The chance discovery of a rare photographic record of four New Guinean islands in the Bismark Archipelago, nearly a 100 years after they are taken, leads to a journey uncovering the life of a young surveyor, his time on the islands and subsequent escape from the invading Japanese Army 25 years later.

Anyone can contribute towards the production of FINDING FRANK by making
a tax-deductible donation (tax-deductibility available to Australian citizens and tax payers only).


Frank Cutler left behind a rare photographic record of two New Guinea islands in the Bismark Archipelago but had never shown them to his family. One hundred years later Anne and Chris, two of his grandchildren, chance upon his photographs, leading them on a journey to Rabaul on the island of New Britain.
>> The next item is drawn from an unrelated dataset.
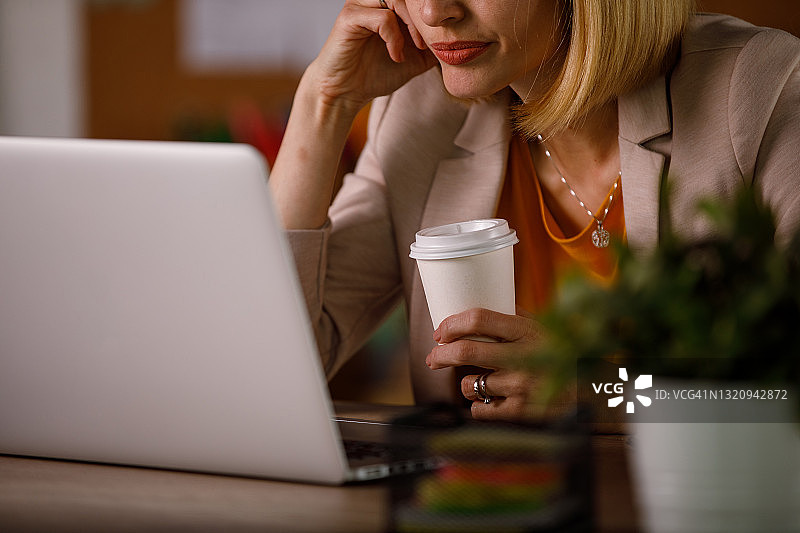 女商人一边喝着咖啡一边使用笔记本电脑图片素材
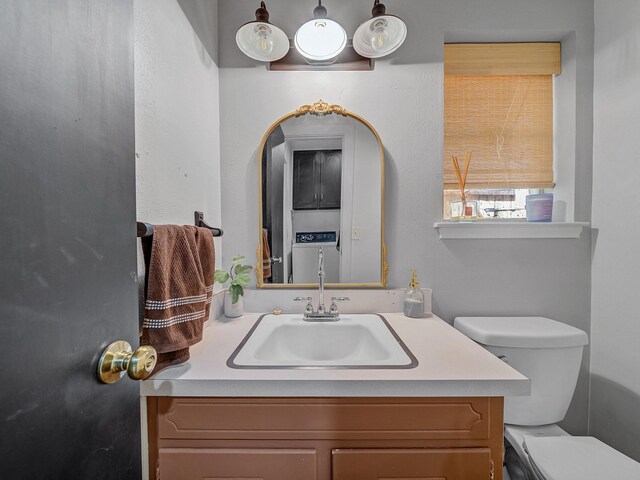 half bathroom with vanity and toilet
There they share the photos with the descendants of the indigenous people he had photographed discovering Frank’s 25 years on the islands until his escape from the invading Japanese Army and the impact this had had on him.

The film

FINDING FRANK begins as a forensic analysis of Frank Cutler’s photographs and the stories they reveal and ends with their return to the islands where his photography flourished. His grandchildren Chris and Anne travel to Papua New Guinea. There they piece together Frank’s life in New Ireland, New Britain, Manus Island and Bouganville sharing his photographs to villagers at open-air screenings, their reactions captured as they are re-acquainted with their ancestors preserved in film 100 years ago.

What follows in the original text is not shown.